2. Scope of subparagraphs (g), (j) and (l)
(a) Subparagraph (g) is without hindrance to terms by which a supplier of financial services reserves the right to terminate unilaterally a contract of indeterminate duration without notice where there is a valid reason, provided that the supplier is required to inform the other contracting party or parties thereof immediately.
(b) Subparagraph (j) is without hindrance to terms under which a supplier of financial services reserves the right to alter the rate of interest payable by the consumer or due to the latter, or the amount of other charges for financial services without notice where there is a valid reason, provided that the supplier is required to inform the other contracting party or parties thereof at the earliest opportunity and that the latter are free to dissolve the contract immediately.

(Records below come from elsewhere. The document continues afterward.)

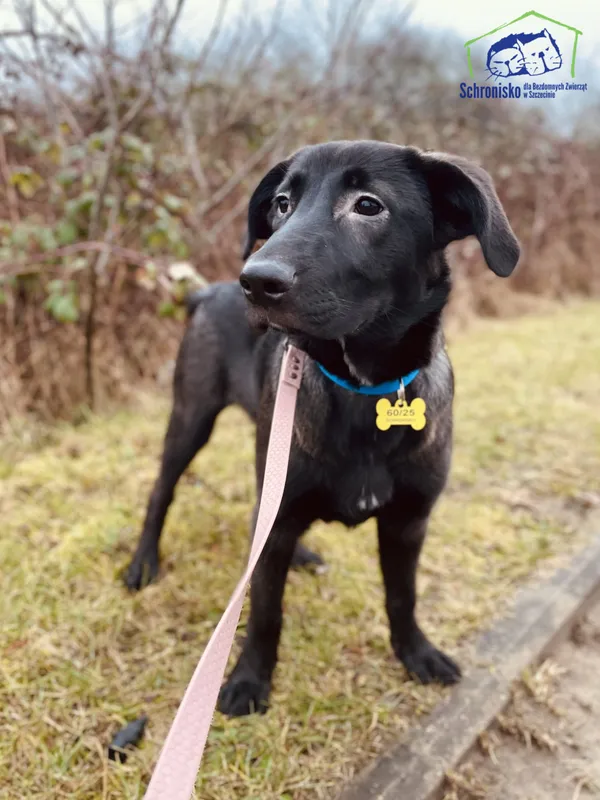 Pies do adopcji, Szczecin, 25 lutego 2025 (4/5)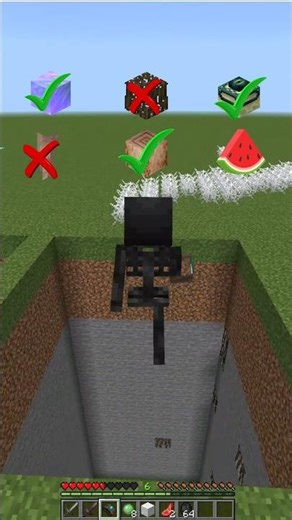 which Minecraft block fell can wither skeleton survive?🤯 #gujaratistatus
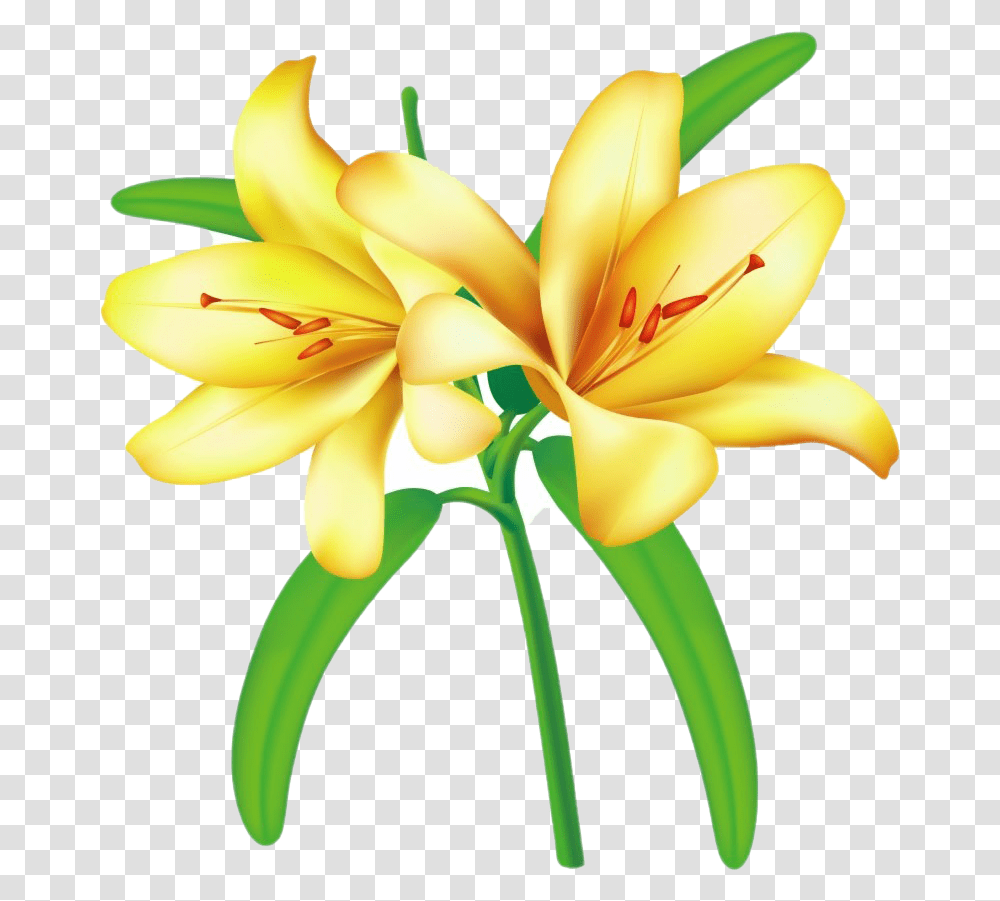 Lilium Free Download Yellowbell Flower Clipart, Plant, Lily, Blossom, Banana Transparent Png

Subparagraph (j) is also without hindrance to terms under which a seller or supplier reserves the right to alter unilaterally the conditions of a contract of indeterminate duration, provided that he is required to inform the consumer with reasonable notice and that the consumer is free to dissolve the contract.
(c) Subparagraphs (g), (j) and (l) do not apply to:
— transactions in transferable securities, financial instruments and other products or services where the price is linked to fluctuations in a stock exchange quotation or index or a financial market rate that the seller or supplier does not control;
— contracts for the purchase or sale of foreign currency, traveller’s cheques or international money orders denominated in foreign currency;
(d) Subparagraph (l) is without hindrance to price-indexation clauses, where lawful, provided that the method by which prices vary is explicitly described.
( 1 ) OJ C No 73, 24.3.1992, p. 7.
( 2 ) OJ C No 326, 16.12.1991, p. 108 and OJ No C 21, 25.1.1993.
( 3 ) OJ C No 159, 17.6.1991, p. 34.
( 4 ) OJ C No 92, 25.4.1975, p. 1 and OJ C No 133, 3.6.1981, p. 1.